Material supplied:
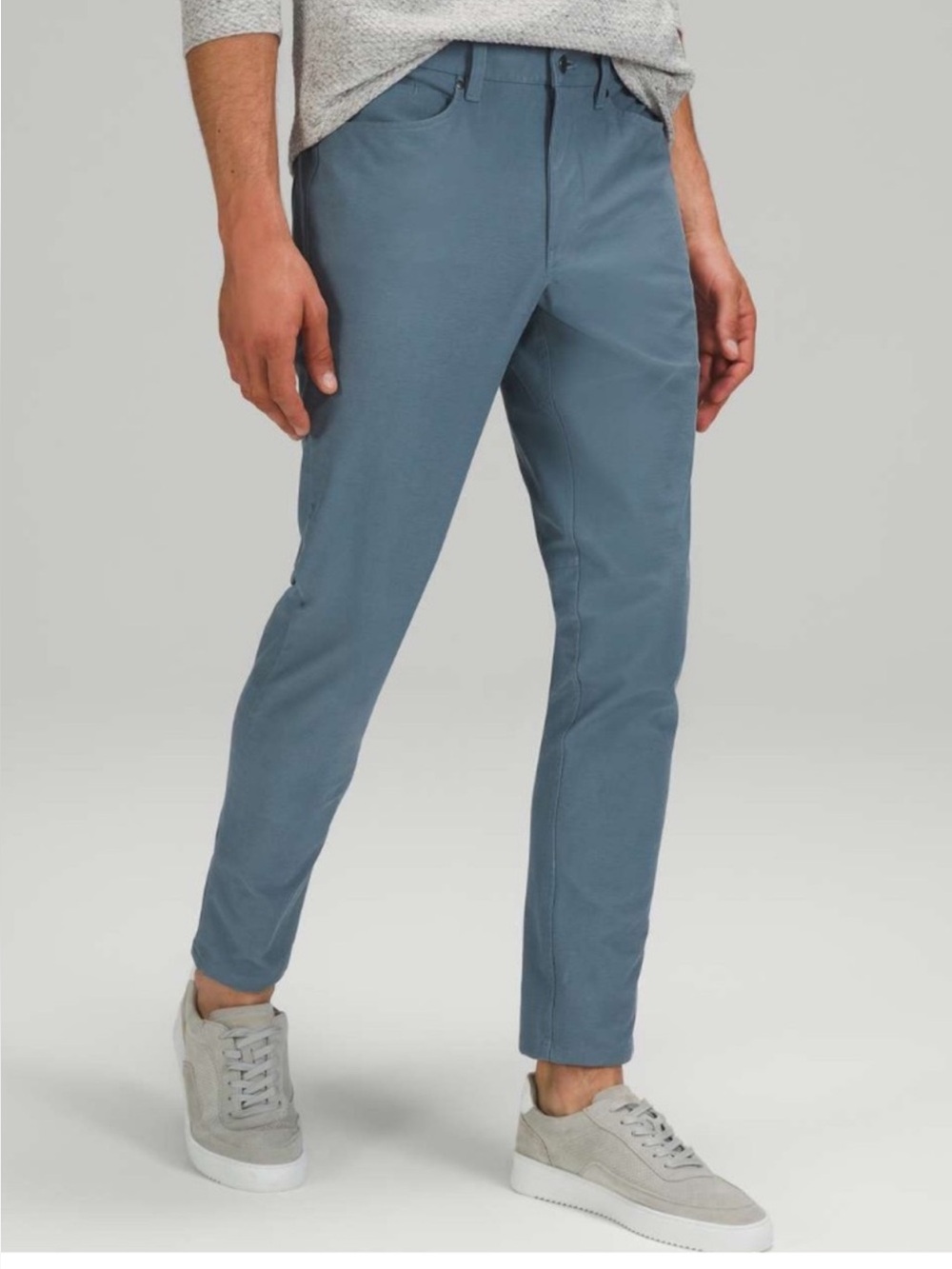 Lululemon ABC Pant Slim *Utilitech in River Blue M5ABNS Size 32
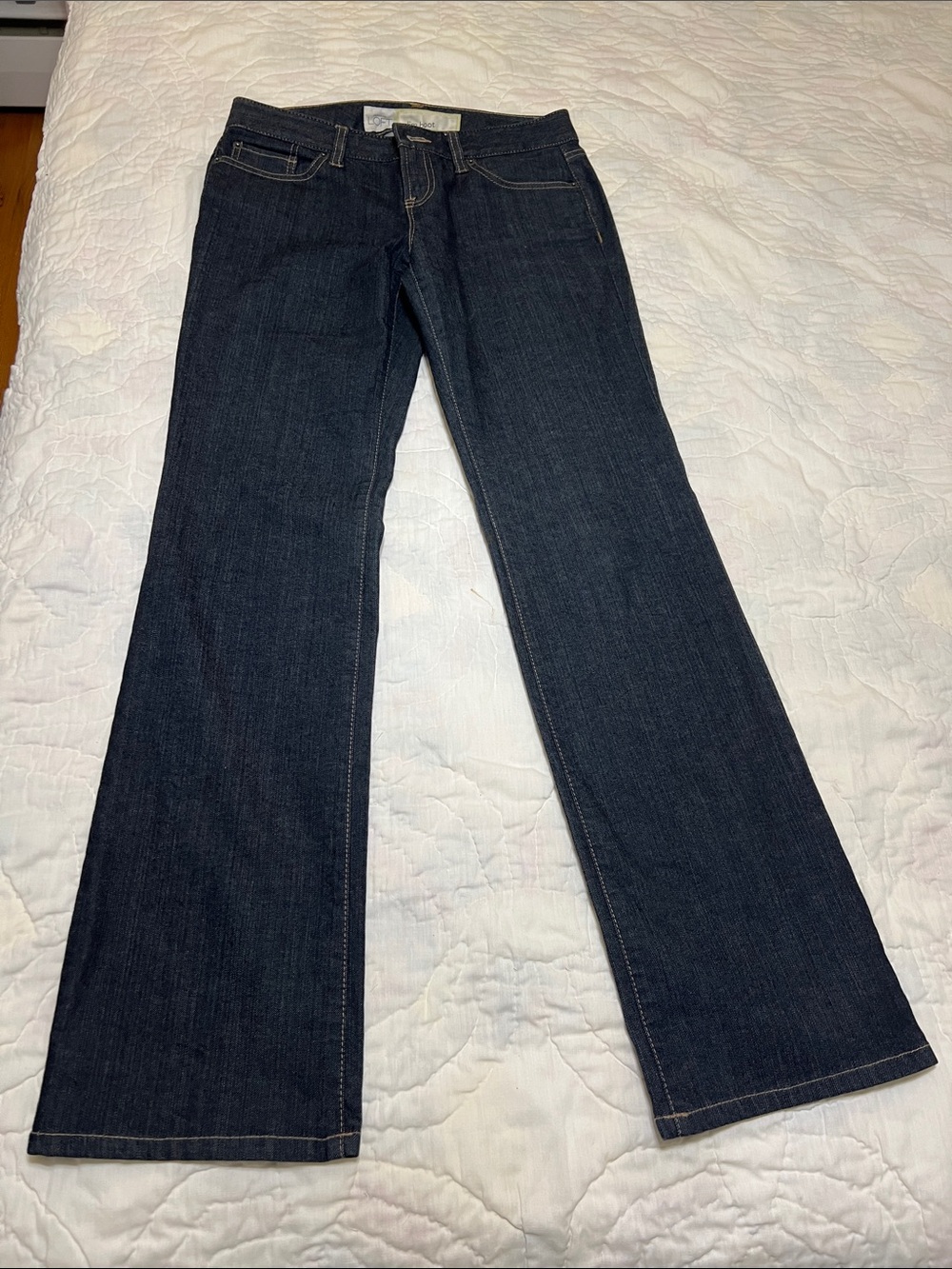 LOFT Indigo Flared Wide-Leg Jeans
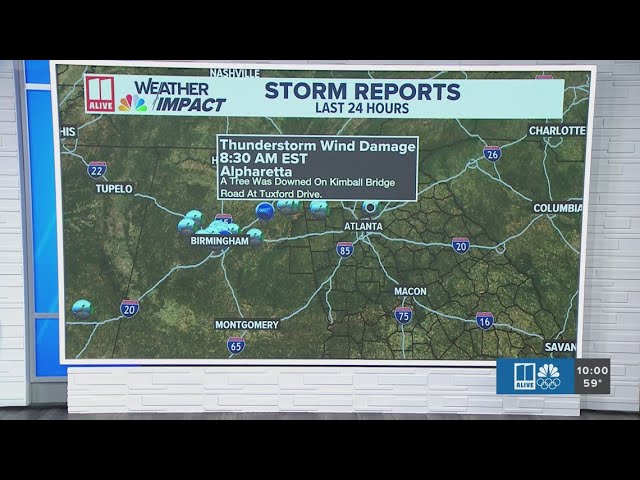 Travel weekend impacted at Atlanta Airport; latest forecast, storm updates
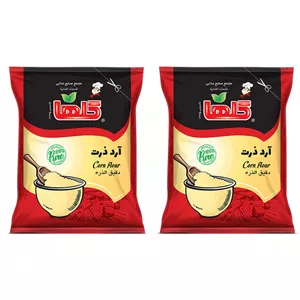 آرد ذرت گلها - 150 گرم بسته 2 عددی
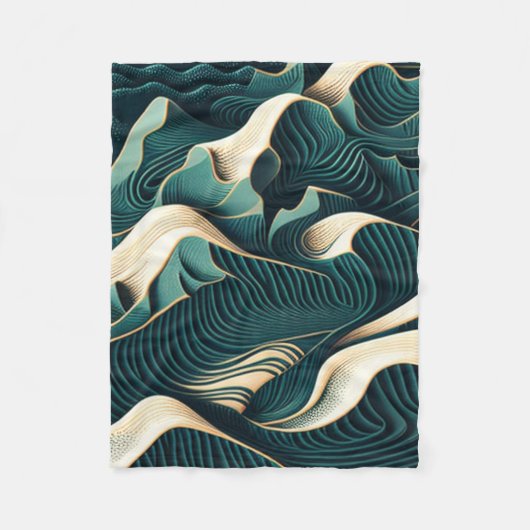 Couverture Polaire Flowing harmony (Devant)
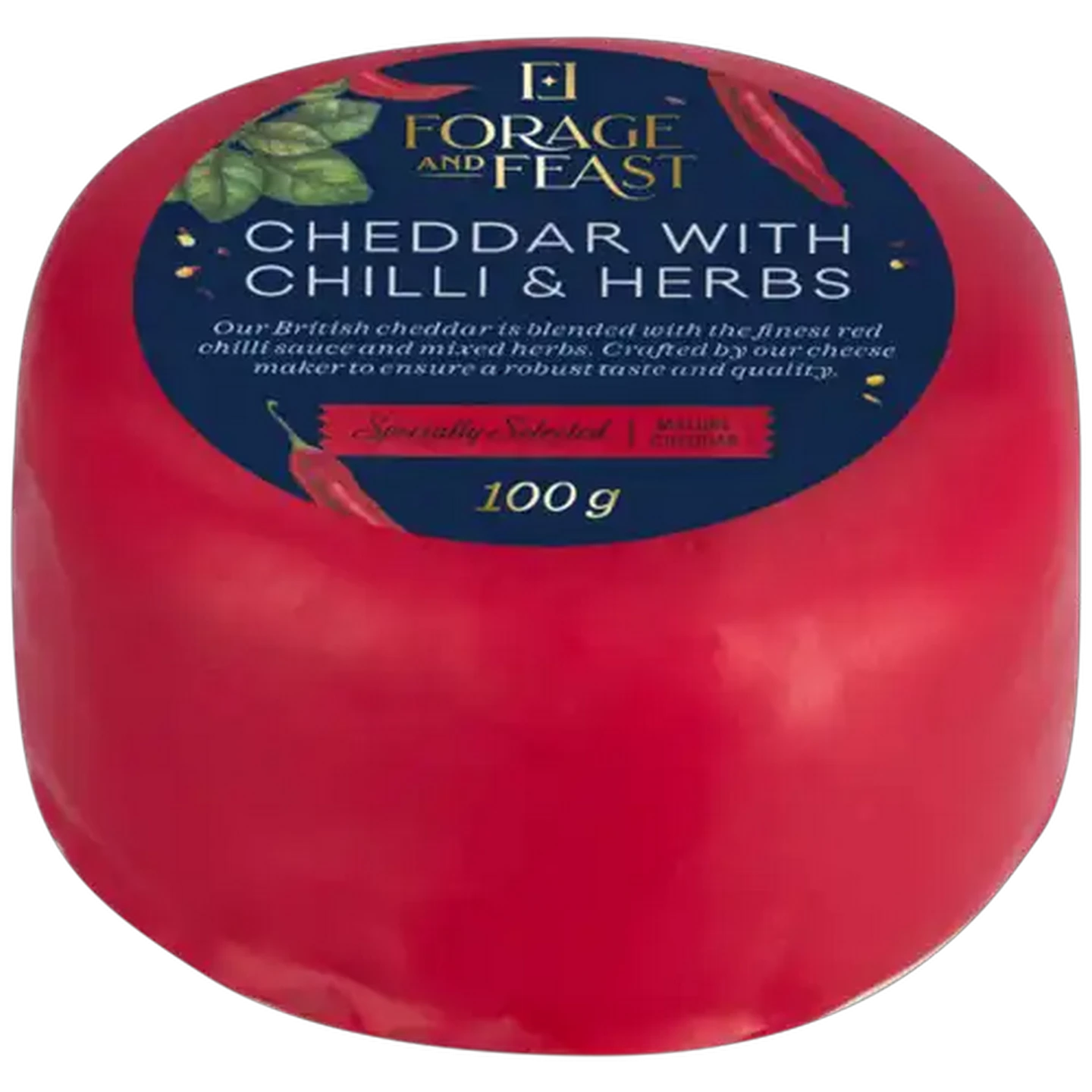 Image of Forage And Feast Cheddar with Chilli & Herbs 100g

Goal of the exercise:
What is needed is an exact printout of every record above, with the pictures left out.

Solution to this task:
 Lululemon ABC Pant Slim *Utilitech in River Blue M5ABNS Size 32
 LOFT Indigo Flared Wide-Leg Jeans
 Travel weekend impacted at Atlanta Airport; latest forecast, storm updates
 آرد ذرت گلها - 150 گرم بسته 2 عددی
 Couverture Polaire Flowing harmony (Devant)
 Image of Forage And Feast Cheddar with Chilli & Herbs 100g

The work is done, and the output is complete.